D. Review audit logs for privilege escalation events.
Answer: C
QUESTION 141
Refer to the exhibit. Where are the browser page rendering permissions displayed?
A. X-Frame-Options
B. X-XSS-Protection
C. Content-Type
D. Cache-Control
Answer: C
QUESTION 142
Refer to the exhibit. Rapid Threat Containment using Cisco Secure Network Analytics (Stealthwatch) and ISE detects the threat of malware-infected 802.1x authenticated endpoints and places that endpoint into a quarantine VLAN using Adaptive Network Control policy.

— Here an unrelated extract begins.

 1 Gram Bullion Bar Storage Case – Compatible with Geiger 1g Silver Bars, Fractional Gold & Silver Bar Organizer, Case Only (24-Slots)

Which method was used to signal ISE to quarantine the endpoints?
A. SNMP
B. syslog
C. REST API
D. pxGrid
Answer: C
Resources From:
1.2021 Latest Braindump2go 350-201 Exam Dumps (PDF & VCE) Free Share:
https://www.braindump2go.com/350-201.html
2.2021 Latest Braindump2go 350-201 PDF and 350-201 VCE Dumps Free Share:
https://drive.google.com/drive/folders/1AxXpeiNddgUeSboJXzaOVsnt5wFFoDnO?usp=sharing
3.2021 Free Braindump2go 350-201 Exam Questions Download:
https://www.braindump2go.com/free-online-pdf/350-201-Dumps(126-142).pdf
https://www.braindump2go.com/free-online-pdf/350-201-PDF-Dumps(1-20).pdf
https://www.braindump2go.com/free-online-pdf/350-201-PDF-Dumps(43-63).pdf
https://www.braindump2go.com/free-online-pdf/350-201-VCE-Dumps(21-42).pdf
https://www.braindump2go.com/free-online-pdf/350-201-VCE-Dumps(106-125).pdf
Free Resources from Braindump2go,We Devoted to Helping You 100% Pass All Exams!